Brown appeared to encourage Attwell to show a second yellow and he did, meaning West Ham's goalscorer saw red nine minutes before the interval.
The West Ham midfielder received a yellow card for his high challenge on Michael Brown. Parker showed his studs and also managed to commit a handball in a clumsy attempt to win the ball.
Parker was lucky to escape a second booking after Cole was shown a second yellow card. Parker was incensed by Brown's apparent attempts to get his team-mate sent off and voiced his disapproval at Attwell. Brown was booked but Attwell didn't see Parker mouthing off - funny that.
Neill's tackle - if you can call it that - on Cattermole looked like a straight red card. Yet, somehow, Attwell decided it was only worth of a yellow.

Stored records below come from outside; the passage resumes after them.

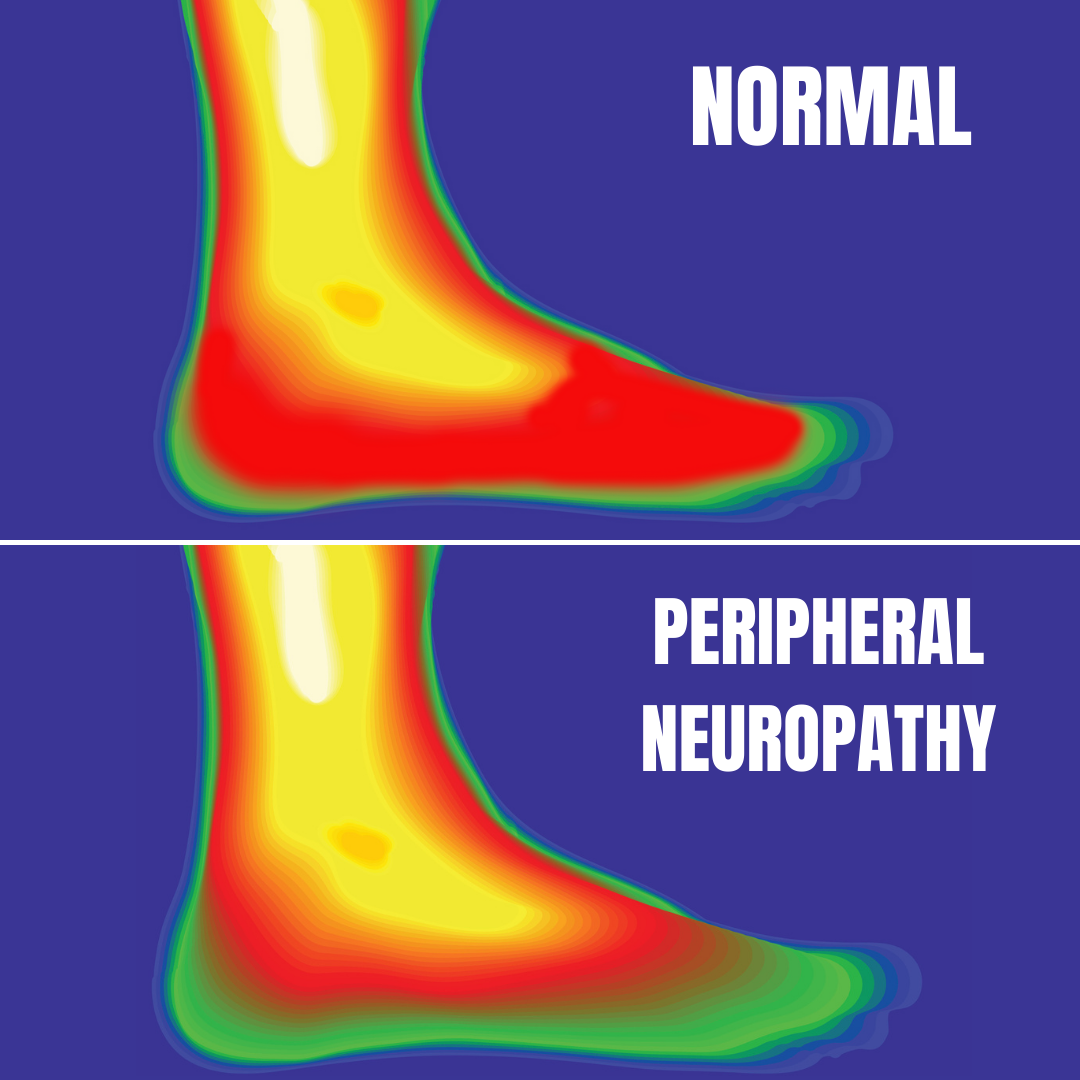 Dr. Joshua Huffman, Chiropractic Neurologist Facebook ad: Breakthrough Neuropathy Options | FREE Consultation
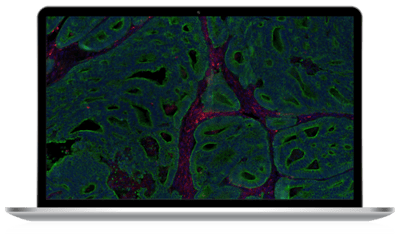 Omics-Tech-Spotlight_Webinar3_Laptop1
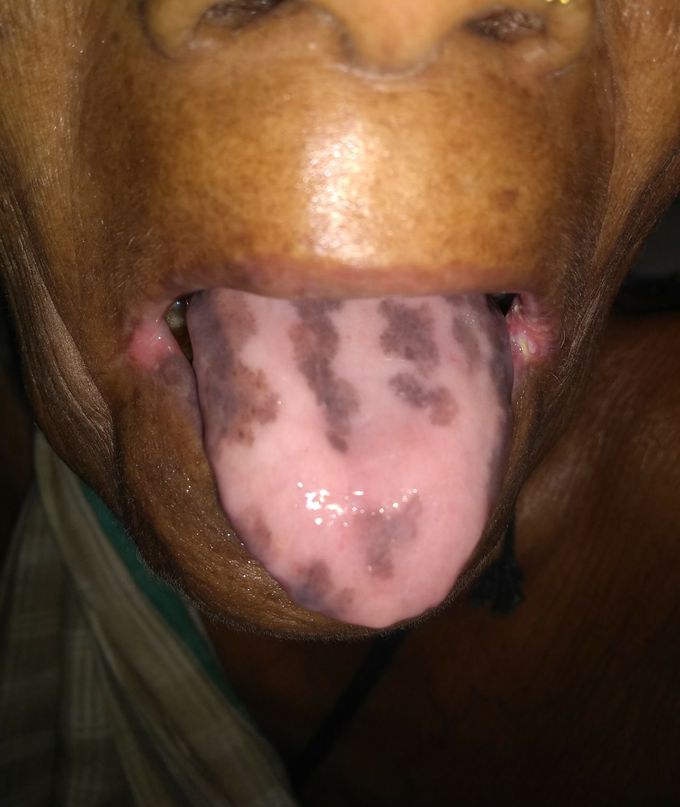 What is the diagnosis?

The challenge was pre-meditated, as the West Ham player chased after the ball with Cattermole in his sights, and Neill went in with his studs up, hitting his opponent on the right ankle but, thankfully, causing no damage.
Bruce said: 'His tackle was horrific. That's the one thing we want to stamp out because that tackle was a horror tackle.'
The worst challenge of the game. Cattermole came in from an angle, sliding in from the side and slightly behind the West Ham player and clattering Parker on the right ankle. You could see it coming as Cattermole sprinted towards Parker with the red mist descending.
It was all happening in the north of England last night. Steven Taylor's attempts to bear hug Cristiano Ronaldo at Newcastle by wrapping his arms around the United player's neck did not go down well, but Vidic's lunge at Obafemi Martins was savage.
The Manchester United defender watched Martins skip past him, then opened up his body and kicked across the Newcastle player with his right leg.
Vidic had no intention of trying to win the ball and his challenge on the edge of the penalty area was clumsy and potentially dangerous. He received a yellow card.
Martins then went for revenge by planting an elbow in Vidic's face in the second half.